1.前言
1989年,LeCun发表了题为Backpropagation Applied to Handwritten Zip Code Recognition
的论文,实现了第一个卷积神经网络,如论文中所说,This approach has been successfully applied to the recognition of handwritten zip code digits provided by the U.S. Postal Service.
,主要用于手写数字识别,识别精度高达99%。
2.网络架构
将原始数据降采样,得到16*16的灰度图片,输入层是256个神经元,有两层卷积层和两层全连接层,最后一层全连接层作为输出。取Tanh作为激活函数,MSE-Loss作为损失函数。
网络架构Python实现:
def __init__(self, device): # 初始化
super(LeNet, self).__init__()
self.conv1 = nn.Conv2d(1, 12, 5, stride=2, padding=2) # 卷积层 16*16——>12个8*8
self.conv2 = nn.Conv2d(12, 12, 5, stride=2, padding=2) # 卷积层 12个8*8——>12个4*4
self.fcon1 = nn.Linear(12 * 4 * 4, 30) # 全连接层
self.fcon2 = nn.Linear(30, 10) # 全连接层
self.act = nn.Tanh() # 激活函数
self.loss = nn.MSELoss() # Loss函数
3.数据集
使用MNIST数据集进行训练,预先下载MNIST数据集到本地
读取MNIST数据集Python实现:
def loadData(datafolder): # 获取datafolder下数据集
fileName = ['train-labels-idx1-ubyte.gz', 'train-images-idx3-ubyte.gz',
't10k-labels-idx1-ubyte.gz', 't10k-images-idx3-ubyte.gz'] # MNIST数据集文件
dataPath = [] # 数据集路径
for file in fileName: # 文件路径
dataPath.append(os.path.join(datafolder, file))
with gzip.open(dataPath[0], "rb") as file: # 训练集标签
tmp = np.frombuffer(file.read(), np.uint8, offset=8) # 读取
y_train = np.zeros((1, len(tmp), 10)) # 增加 1 dimension
for pos in range(len(tmp)):
y_train[0][pos][tmp[pos]] = 1.0 # 分类,对应类值为1
with gzip.open(dataPath[1], "rb") as file: # 训练集图像
tmp = np.frombuffer(file.read(), np.uint8, offset=16) # 读取
_, tmp = cv2.threshold(tmp, 127, 1, cv2.THRESH_BINARY) # 转二值图
tmp = tmp.reshape(len(y_train[-1]), 28, 28) # 转列向量
x_train = np.zeros((1, len(y_train[-1]), 16, 16)) # 转换为16*16, 增加 1 dimension
for t in range(len(tmp)):
x_train[0][t] = cv2.resize(tmp[t], (16, 16), interpolation=cv2.INTER_AREA) # 赋值
with gzip.open(dataPath[2], "rb") as file: # 测试集标签
tmp = np.frombuffer(file.read(), np.uint8, offset=8) # 读取
y_test = np.zeros((1, len(tmp), 10)) # 增加 1 dimension
for pos in range(len(tmp)):
y_test[0][pos][tmp[pos]] = 1.0 # 分类,对应类值为1
with gzip.open(dataPath[3], "rb") as file: # 测试集图像
tmp = np.frombuffer(file.read(), np.uint8, offset=16) # 读取
_, tmp = cv2.threshold(tmp, 127, 1, cv2.THRESH_BINARY) # 转二值图
tmp = tmp.reshape(len(y_test[-1]), 28, 28) # 转列向量
x_test = np.zeros((1, len(y_test[-1]), 16, 16)) # 转换为16*16, 增加 1 dimension
for t in range(len(tmp)):
x_test[0][t] = cv2.resize(tmp[t], (16, 16), interpolation=cv2.INTER_AREA) # 赋值
print("The datasets were loaded successfully.")
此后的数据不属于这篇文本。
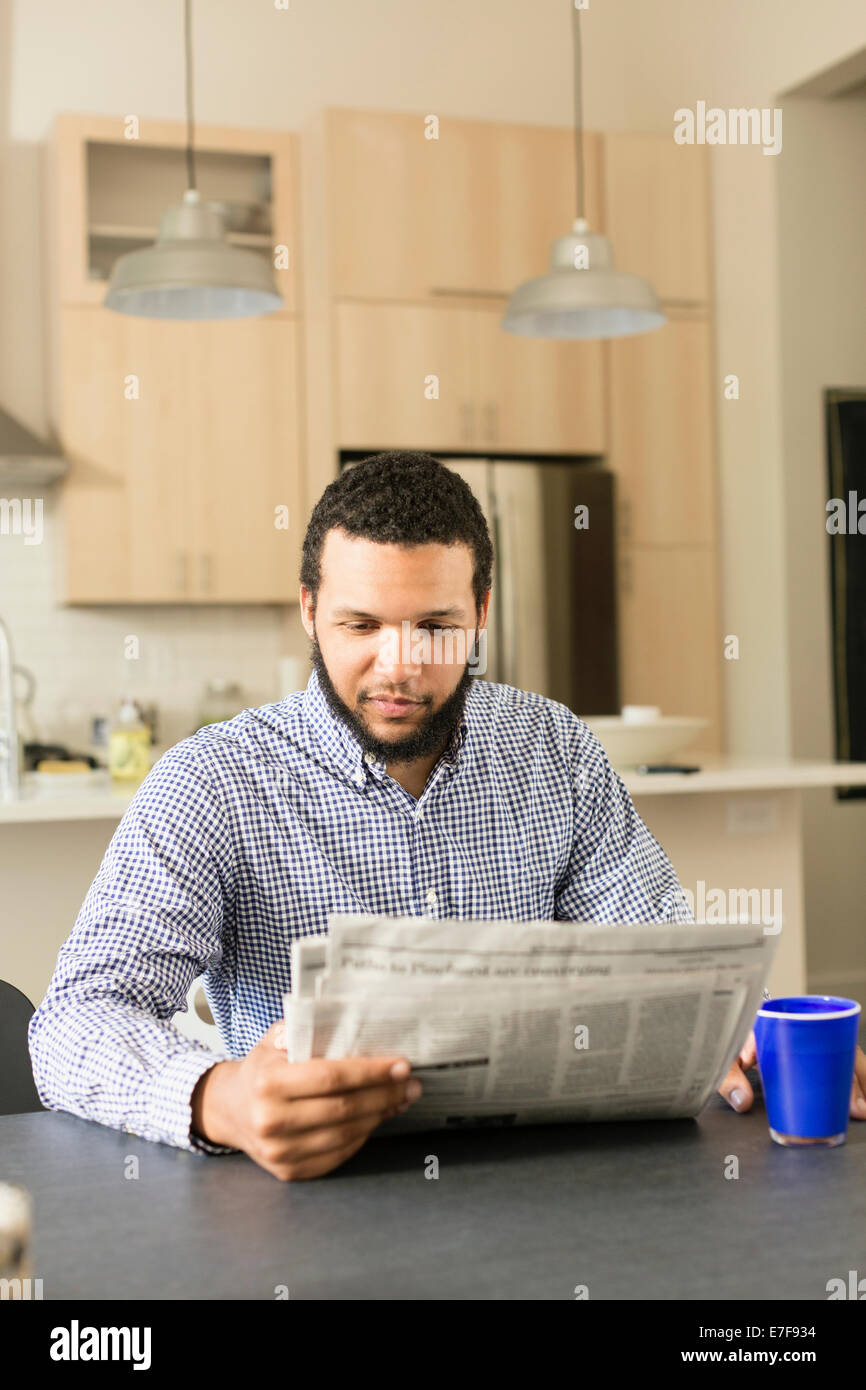 Mixed Race man reading newspaper at breakfast table Banque D'Images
print("Starting train the model.")
print("--------------------")
return (x_train, y_train), (x_test, y_test)
4.正向传播
正向传播Python实现:
def forward(self, data): # 正向传播
data = 1.7159 * self.act(self.conv1(data) * 2.0 / 3.0) # 第一层卷积
data = 1.7159 * self.act(self.conv2(data) * 2.0 / 3.0) # 第二层卷积
data = data.view(-1, 192) # 12*4*4展开为1*192
data = 1.7159 * self.act(self.fcon1(data) * 2.0 / 3.0) # 第一层全连接
data = 1.7159 * self.act(self.fcon2(data) * 2.0 / 3.0) # 第二层全连接
return data
5.测试当前模型对数据集的精度
def test(model, dataTest, device): # 测试数据集,求精度
sum_num = len(dataTest[0][0])
num = 0
for x_test, y_test in zip(dataTest[0][0], dataTest[0][1]): # 求每个样本的预测结果
with torch.no_grad():
x = x_test.unsqueeze(0).unsqueeze(0).to(device)
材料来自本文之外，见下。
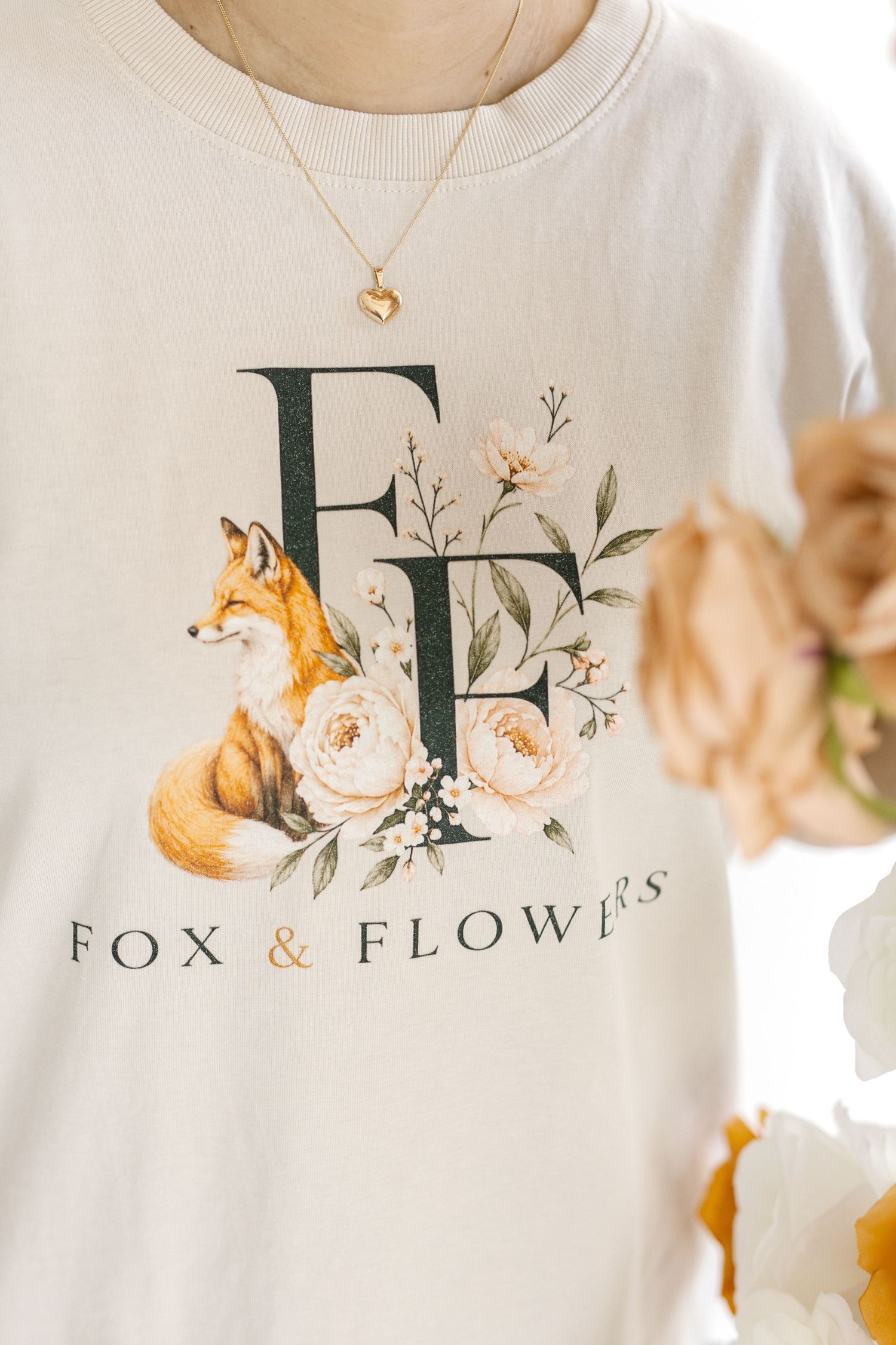 White sweatshirt with Fox & Flowers logo featuring a fox and floral design, worn with a gold heart necklace.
y_predict = model(x) # 预测值
_, index = y_predict.max(dim=1)
if y_test[index] == 1.0: # 分类正确
num += 1
return num / sum_num # mAP
6.训练模型
optimizer进行学习率的调节
def adjust_lr(epoch, optimizer): # 调节学习率
if epoch < 2:
for param_group in optimizer.param_groups:
param_group['lr'] = 2.0e-3
elif epoch < 5:
for param_group in optimizer.param_groups:
param_group['lr'] = 1.0e-3
elif epoch < 8:
for param_group in optimizer.param_groups:
param_group['lr'] = 5.0e-4
else:
for param_group in optimizer.param_groups:
param_group['lr'] = 1.0e-4
return optimizer
# model:卷积神经网络 optimizer: 优化器 dataTrain: 训练数据集 dataTest: 测试数据集 epoch: 迭代次数 device: CPU / GPU
def train(model, optimizer, dataTrain, dataTest, epoches, device):
AP = [] # 保存精度变化
Loss = [] # 保存loss变化
for epoch in range(epoches): # 迭代epoches次
sum_num = 0
lossSum = 0
optimizer = adjust_lr(epoch, optimizer)
for x_train, y_train in zip(dataTrain[0][0], dataTrain[0][1]): # 取单组样本
x = x_train.unsqueeze(0).unsqueeze(0).to(device) # 转换为 CPU/ GPU
y = y_train.unsqueeze(0).to(device) # 转换为 CPU/ GPU
p = model(x) # 获取正向传播值
optimizer.zero_grad() # 清空梯度
loss = model.loss(p, y) # 求 loss
loss.backward() # 反馈调节,计算梯度
optimizer.step() # 根据梯度更新参数
sum_num += 1
lossSum += loss.to("cpu").detach().numpy()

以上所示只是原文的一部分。